How could he not tell others?

Not surprisingly, Daddy’s old drinking buddies weren’t thrilled at this changed, Bible-toting man. Much to their surprise, when they’d invite Daddy out for a night on the town, Daddy would tell them he didn’t live that way any longer and then turn the tables by inviting them to church with him. They liked the old Bob Nichols, the ex-Navy womanizer who chased the skirts and drank long past midnight.

So radical was the change in Daddy’s life, and his zeal for God so infectious, his pastor asked Daddy to preach his maiden sermon just two months after his conversion. Within half a year of falling in love with the Lord, Daddy felt the hand of God, like a powerful magnet, drawing him into full-time ministry. He gladly quit his factory job at the Scott Paper Company to hit the road as an evangelist.

On January 5, 1964, Daddy walked into the Church of God on Warren Street in Bogalusa for what would be his second revival. There was no way at the time he could have known that God had someone special waiting for him at the organ. Someone who would be a perfect helpmate for him.

Someone with neon pink rollers in her hair.

Momma.

Now almost four years later, Momma was waiting for him again. This particular autumn afternoon, with their dog prancing through the underbrush and chasing small game, she wanted to know what was weighing so heavily upon his heart. She knew Daddy struggled with his desire to be a father. And yet, she sensed there had to be some deeper longing, some unmet desire, tossing and turning within him like a storm at sea. Content to wait until he felt safe enough for the words to be expressed, she didn’t pry.

As if reading her thoughts, Daddy turned to Momma and said, “You know what, Mona? I was called to preach the gospel, but here I sit at ease in Zion. I will rest just as Jesus took time to rest,” he said. Then he added, “But when He opens a door, I won’t hesitate to return to my calling.”

Momma wasn’t entirely surprised to learn what had been stirring within her husband. She knew once people have a call on their lives to share Christ, they’re not happy doing any other type of work. In a way, she resonated with this longing. She missed the joy of sharing Jesus with others. The thought that maybe it was time for them to reenter the ministry had been growing in her, too. They were, after all, a team.

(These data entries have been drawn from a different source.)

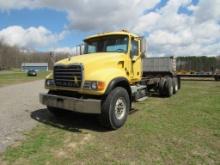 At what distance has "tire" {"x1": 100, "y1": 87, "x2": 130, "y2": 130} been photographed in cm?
597

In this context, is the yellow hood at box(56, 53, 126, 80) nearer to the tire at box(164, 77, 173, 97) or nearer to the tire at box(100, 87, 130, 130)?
the tire at box(100, 87, 130, 130)

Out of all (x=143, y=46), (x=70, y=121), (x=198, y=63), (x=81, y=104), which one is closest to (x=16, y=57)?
(x=198, y=63)

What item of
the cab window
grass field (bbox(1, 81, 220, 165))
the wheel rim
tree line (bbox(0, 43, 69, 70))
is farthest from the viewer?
tree line (bbox(0, 43, 69, 70))

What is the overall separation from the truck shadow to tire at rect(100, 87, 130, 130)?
0.33 metres

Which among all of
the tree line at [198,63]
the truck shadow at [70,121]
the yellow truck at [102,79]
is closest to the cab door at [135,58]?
the yellow truck at [102,79]

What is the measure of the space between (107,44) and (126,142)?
3658 millimetres

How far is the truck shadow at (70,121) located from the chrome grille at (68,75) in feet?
3.71

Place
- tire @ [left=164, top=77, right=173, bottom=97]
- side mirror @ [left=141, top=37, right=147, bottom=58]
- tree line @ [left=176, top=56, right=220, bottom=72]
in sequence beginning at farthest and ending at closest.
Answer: tree line @ [left=176, top=56, right=220, bottom=72], tire @ [left=164, top=77, right=173, bottom=97], side mirror @ [left=141, top=37, right=147, bottom=58]

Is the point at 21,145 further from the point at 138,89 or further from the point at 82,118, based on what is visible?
the point at 138,89

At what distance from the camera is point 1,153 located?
4539 mm

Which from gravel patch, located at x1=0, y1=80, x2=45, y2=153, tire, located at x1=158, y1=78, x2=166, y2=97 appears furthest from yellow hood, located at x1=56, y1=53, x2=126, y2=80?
tire, located at x1=158, y1=78, x2=166, y2=97

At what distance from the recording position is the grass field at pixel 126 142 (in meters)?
4.34

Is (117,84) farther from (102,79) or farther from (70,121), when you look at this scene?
(70,121)

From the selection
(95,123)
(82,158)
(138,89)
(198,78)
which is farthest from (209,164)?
(198,78) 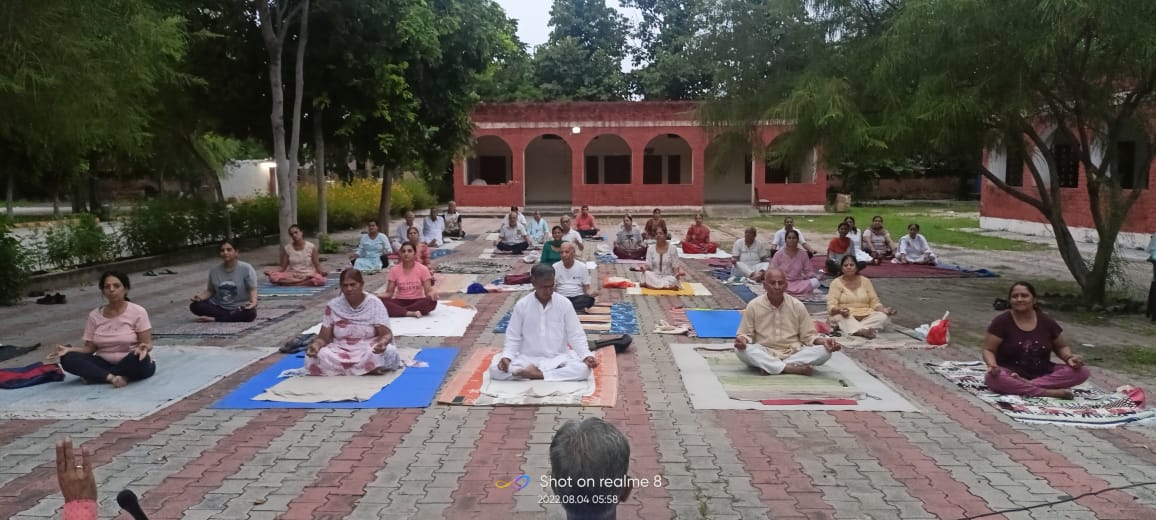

Month by month her body was growing stronger. Even her wounded heart was beginning to mend. She knew there was nothing that could change the past, and with courage, they would once again face the future. While it was still light enough to see the trail, they started back home with an unspoken yet renewed sense of purpose.

* * *

In July 1969, the call came. Sensing an inner prompting from God to reenter the “harvest fields,” as he was fond of calling them, Daddy wasted no time resigning from his job and made plans to reenter the ministry. Part of his transition back into the pulpit required Daddy to attend a series of meetings in Montgomery, Alabama. Without hesitation, thrilled at the chance to help the lost dedicate their lives to the Lord, Momma packed their bags, frying pan, and coffeepot for the trip.